Numa época de fake news à la Trump, além da efeméride que neste número se evoca, vem isto a propósito do último filme de Steven Spielberg "The Post", a história da divulgação dos "Pentagon Papers" pelo "Washingtos Post", um hino à imprensa livre numa altura em que os Estados Unidos enfrentavam uma cada vez maior contestação à guerra que combatiam (e morriam) no Vietname (curiosamente Trump conseguiu safar-se), e as justificações que eram cada vez mais difíceis de encaixarem com a realidade.
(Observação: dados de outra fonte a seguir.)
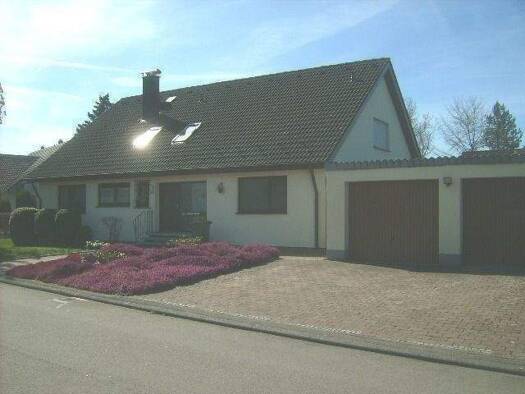 Einfamilienhaus zum Kauf als Kapitalanlage geeignet 600.000 € 7,5 Zimmer 172 m² 1.240 m² Grundstück Tuningen 78609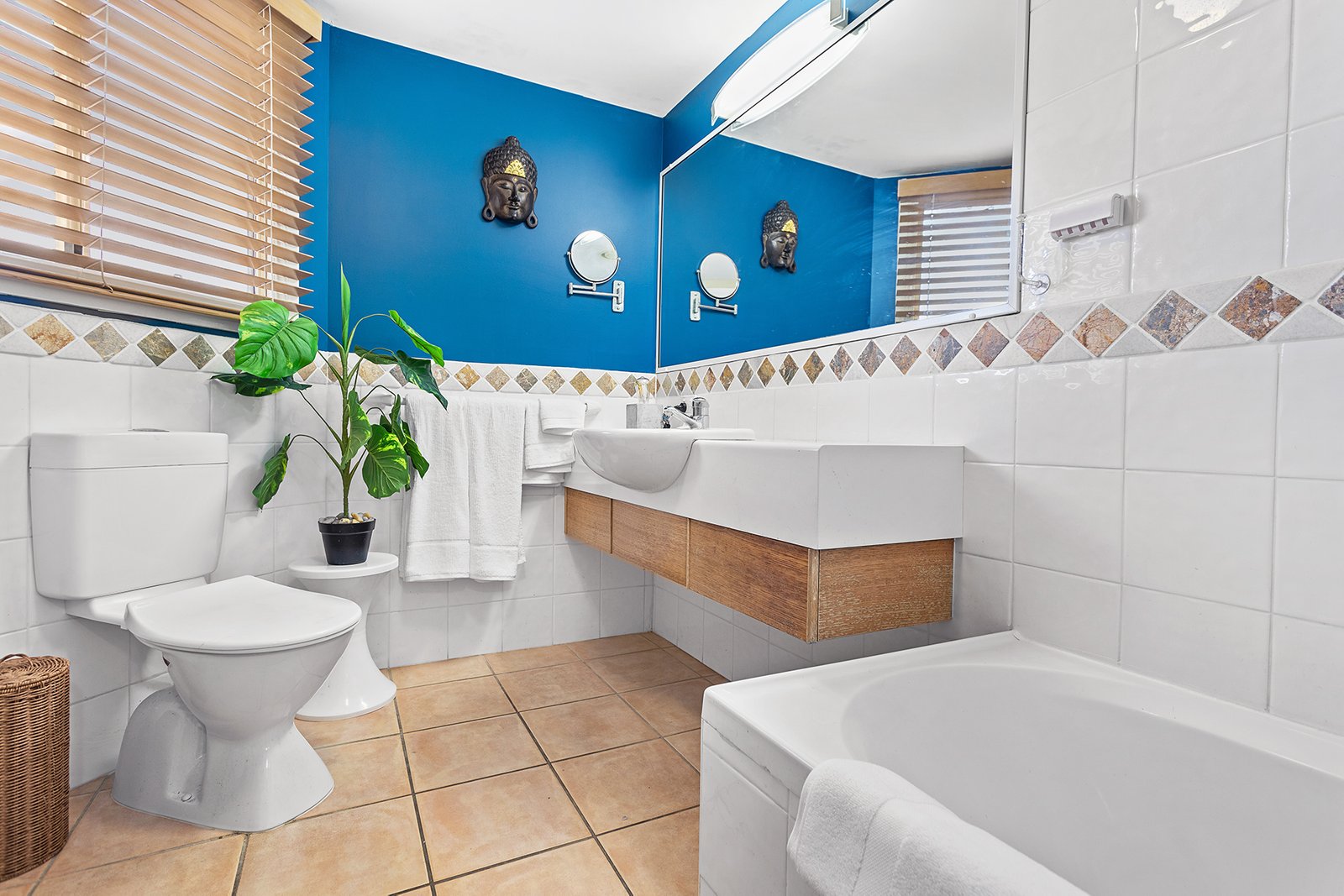 25/10 Golden Orchid Drive AIRLIE BEACH 10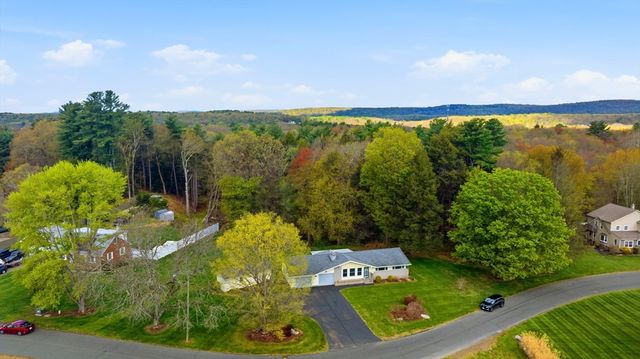 26 Gore Avenue, Hatfield, MA 01038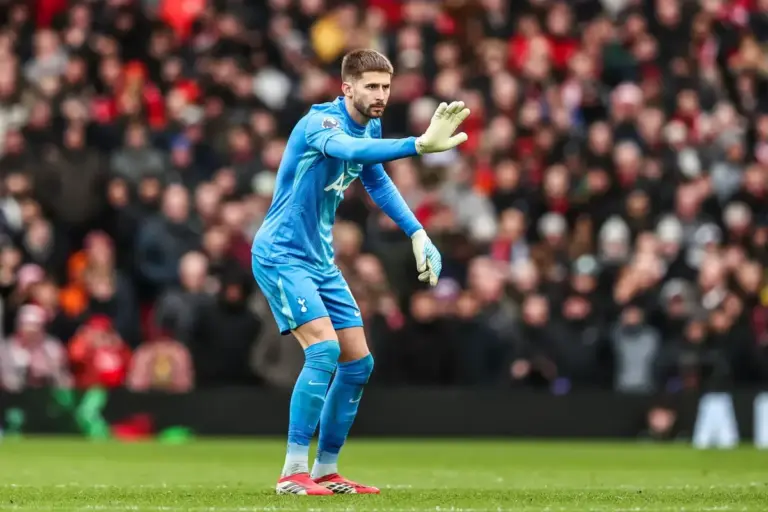 Sources close to Tottenham reveal ‘top target’ to replace Guglielmo Vicario in the summer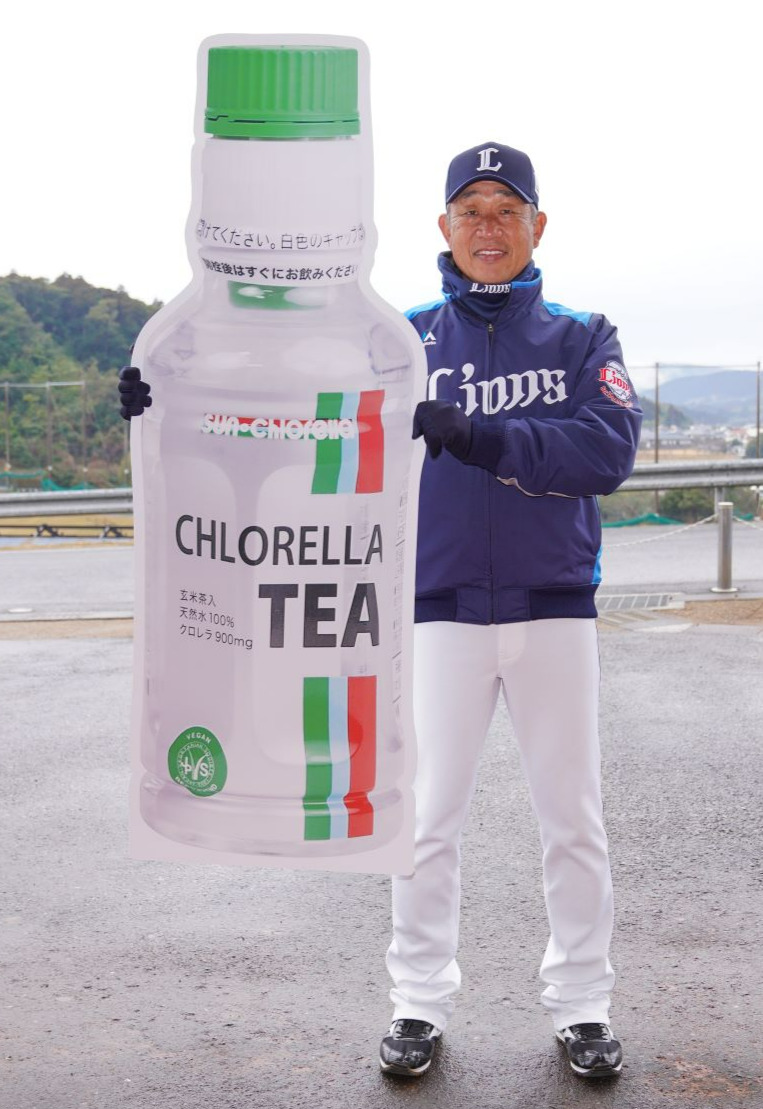 クロレラ茶のパネルを持ち笑顔の西武辻監督（球団提供）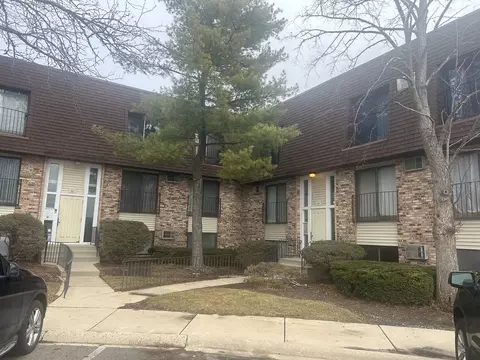194 N Waters Edge Dr #102, Glendale Heights, IL 60139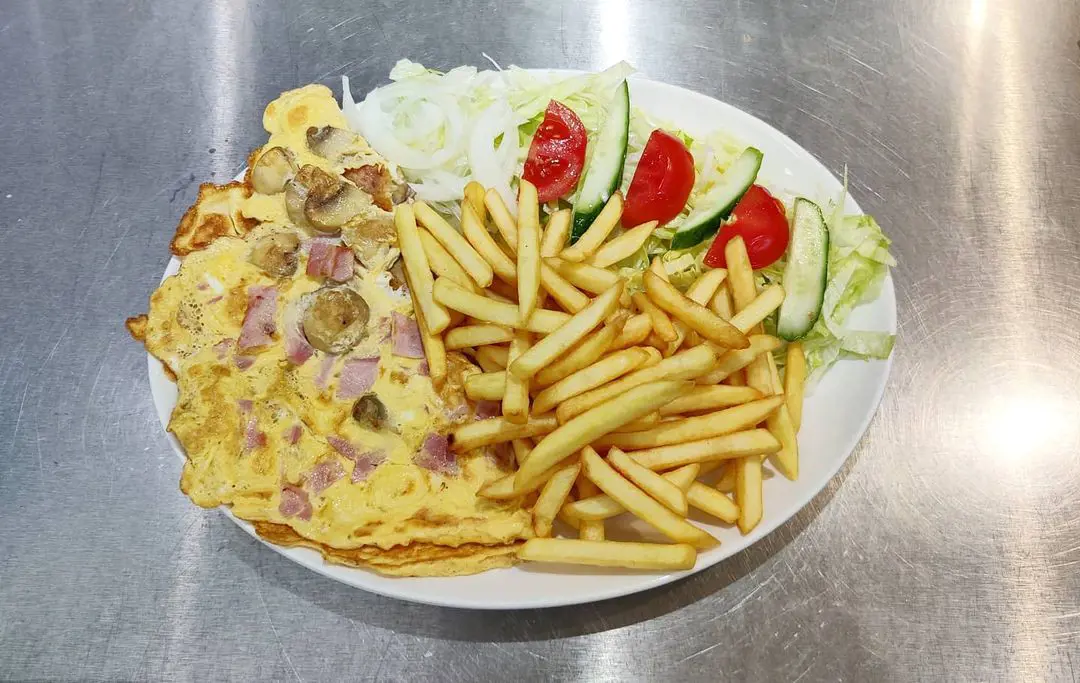 Ham and Mushroom Omellette served with chips and salad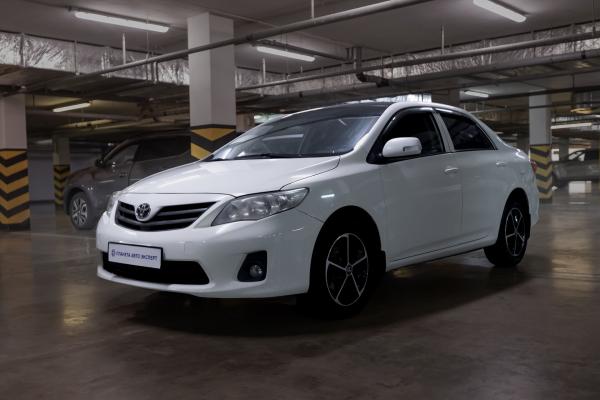 Toyota Corolla 1.6 MT (124 л.с.) 2013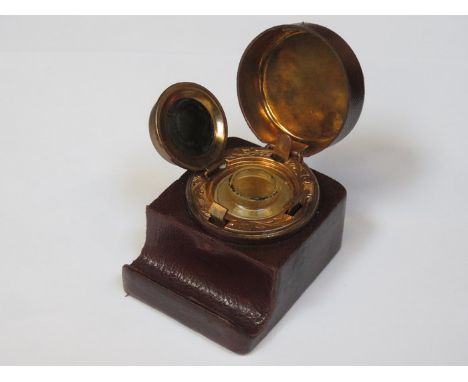 EDWARDIAN LEATHER MOUNTED TRAVELLING INKWELL WITH PEN AND RACK 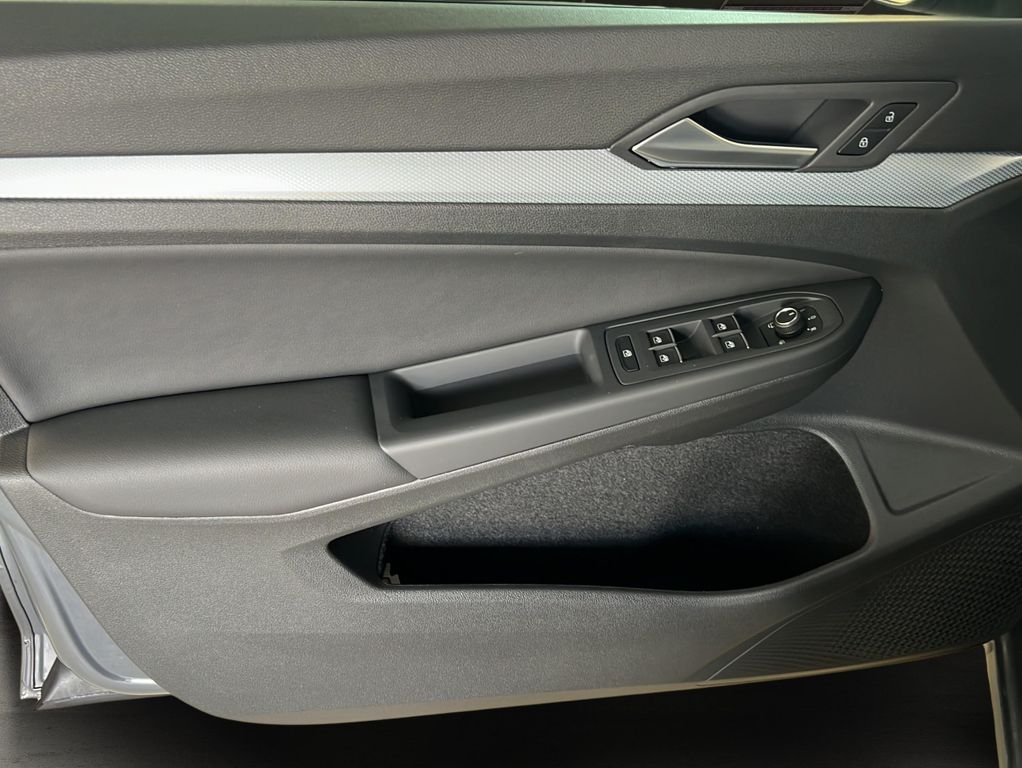 Volkswagen Golf 2025 г. Серый, пробег 16012 км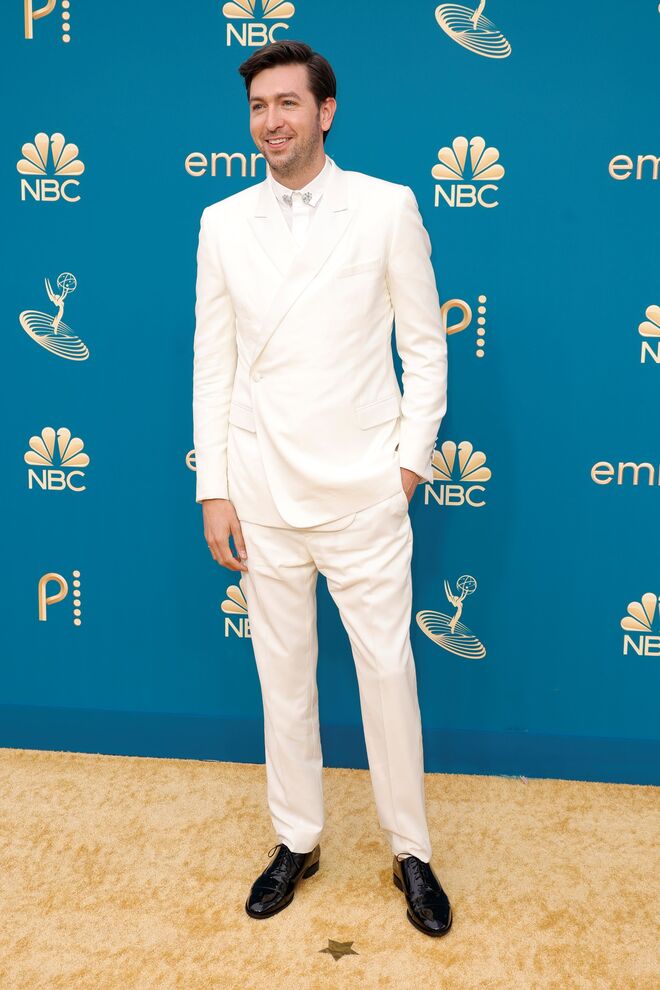 Nicholas Braun, em Christian Dior 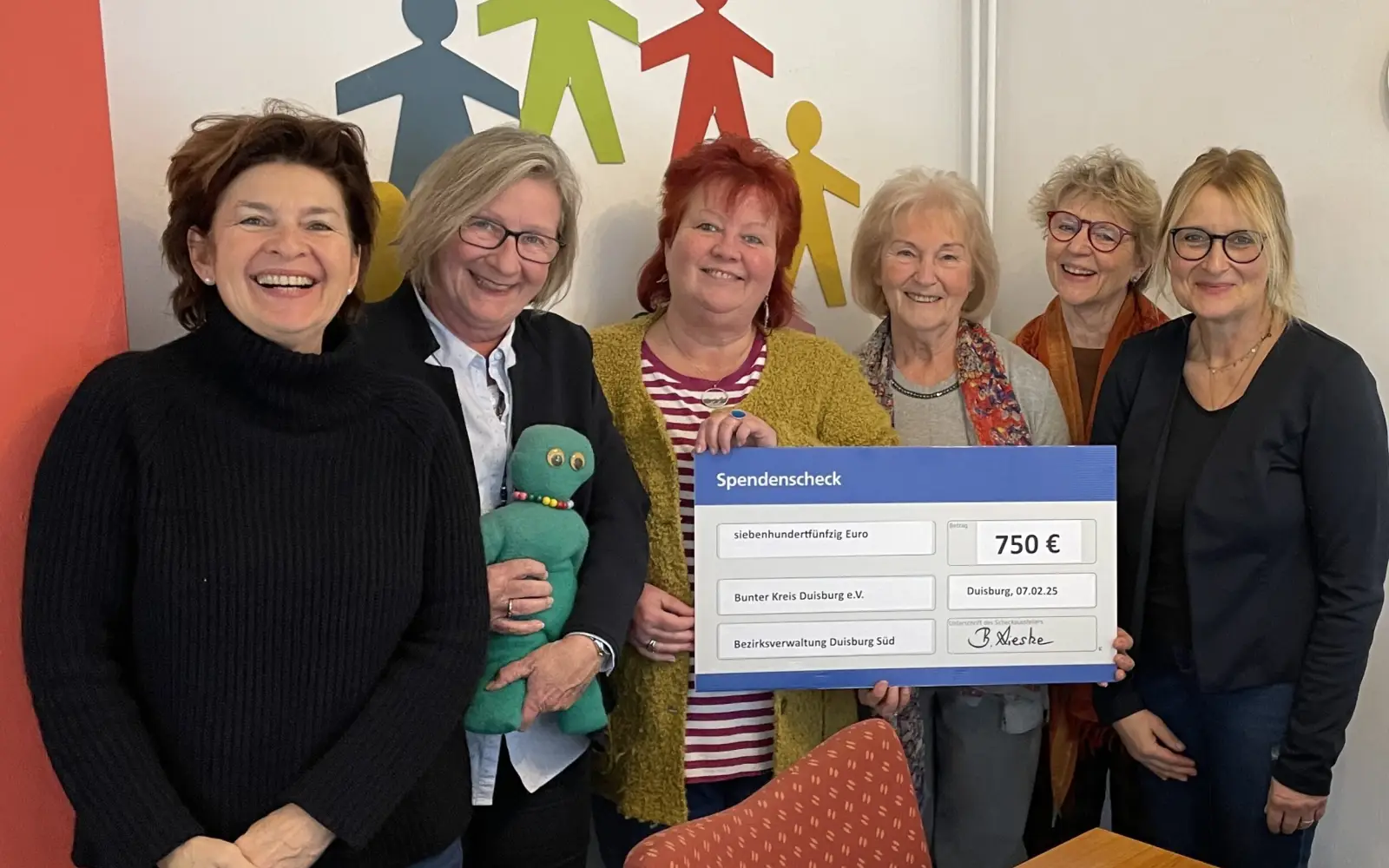 Dr. Sassa von Roehl, Angelika Kleinefeldt, Beate Lieske, Dr. Gabriele Weber, Heide-Margret Apel und Antje Bandemer (von links) bei der Spendenübergabe. Foto: privat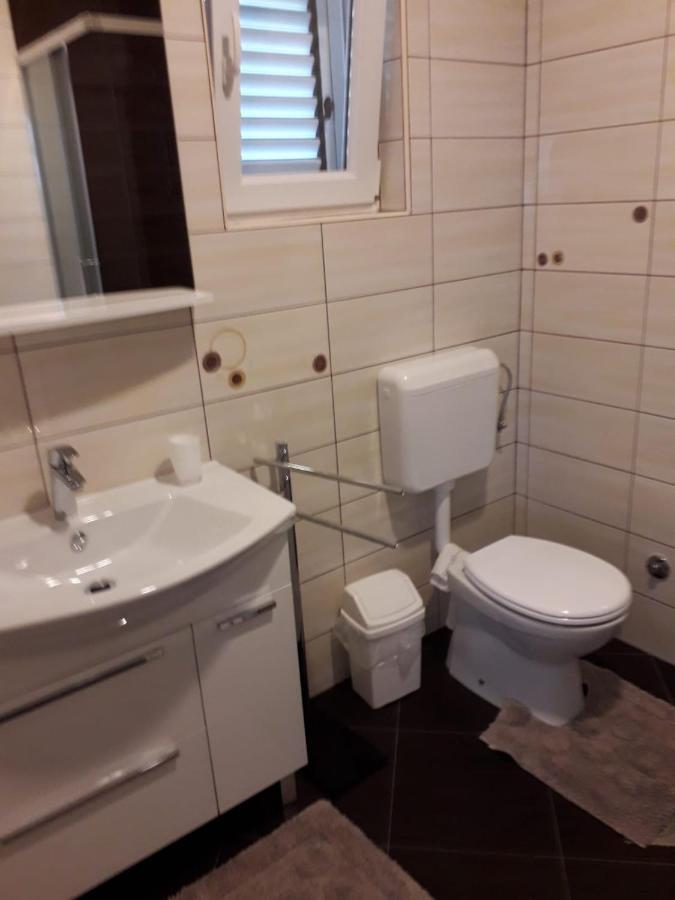 Apartments Sandra Palit Εξωτερικό φωτογραφία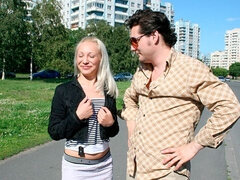 Blondine, Pik sutte, Hundestilling, Gaping, Håndjob, Udendørs, Barberet, Teenager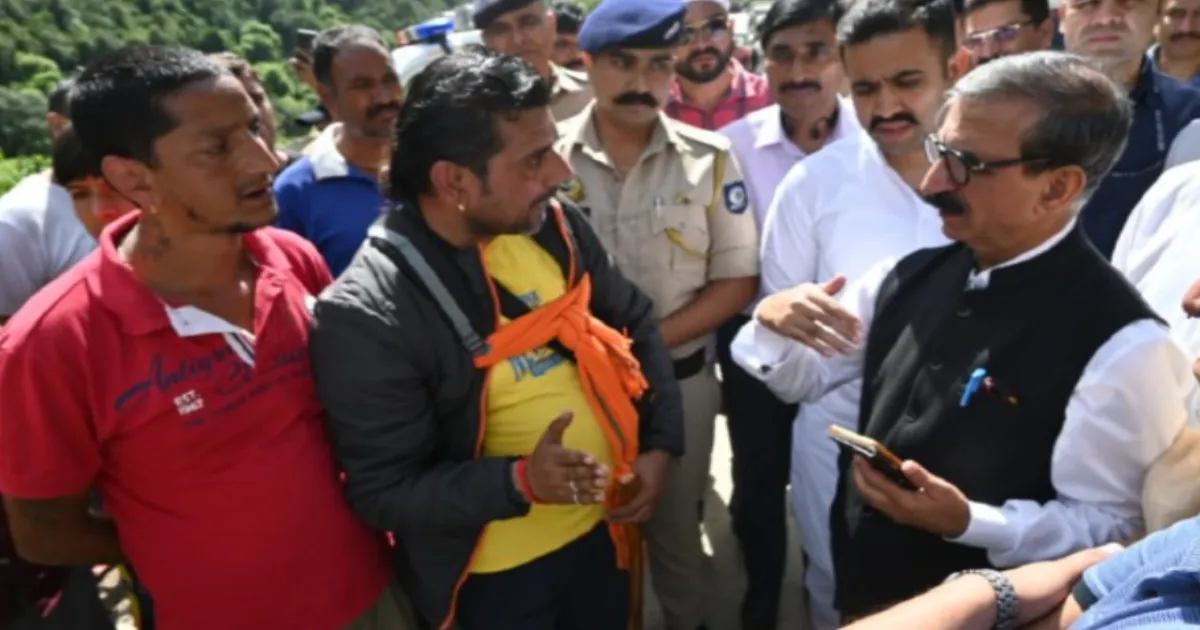 Himachal CM Reviews Flood Crisis, Orders Urgent Relief Ops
É nesta altura que Daniel Ellsberg faz chegar ao "New York Times" cópias de um relatório de meados dos anos 60 encomendado pelo ex-Secretário da Defesa de John Kennedy e de Lyndon Johnson, Robert McNamara, sobre a intervenção americana no Vietname e em toda a região, onde se concluía o que já era óbvio: de que era uma guerra inútil, em que os americanos não tinham hipótese de vencer, mas, acima de tudo, era um retrato das sucessivas intervenções na região e a silêncio cúmplice de anteriores administrações face ao conflito, que passaram a público como "The Pentagon Papers". Inicialmente divulgado no "The New York Times", o governo de Nixon conseguiu que a publicação do relatório fosse proibida, tendo o mesmo chegado ao Washington Post, colocando-se aos responsáveis do jornal o dilema da sua divulgação. E é aqui que entram em campo, aparentemente opostos, os dois protagonistas do filme e da realidade: Katharine "Kay" Graham (Meryl Streep) editora e proprietária do jornal, que herdou depois da morte do marido, que o havia recebido do pai dela, outros tempos, e Ben Bradlee (Tom Hanks) o mítico director do Washington Post.
Quando o jornal passava por aperto financeiro e necessitava e conseguiu financiamento, Kay vê cair-lhe nos braços a decisão da sua vida: defender a liberdade de imprensa e o "dever" de publicar um documento que põe a nu todo o rol de mentiras que vinham sendo "vendidas" por sucessivas administrações sobre o Vietname, ou garantir os investidores, sem tocar num tema que iria afrontar o poder, a Casa Branca, fulanizados por Nixon, o que poderia significar o fim do jornal, há décadas propriedade da família. Apesar de pertencer ao "meio", era amiga de McNamara, tal como Bradlee, conviveu de perto com John Kennedy, acabou por decidir pela publicação, aguentou a perseguição do presidente e ganhou no Supremo. Arriscou, até a possibilidade de ser presa, e venceu em todos os campos. E é este dilema que é dirigido de uma forma sublime por Spielberg, com uma fotografia soberba de Janusz Kaminski, em 35 m/m, como à época, sem efeitos especiais, sem explosões, mas com muita garra e, invulgar em Spielberg, tomando posição clara a favor da liberdade de imprensa e do jornalismo. Sabemos que tudo fez para que o filme saísse ainda em 2017, por causa de Trump, desde logo, e para a corrida aos Oscar.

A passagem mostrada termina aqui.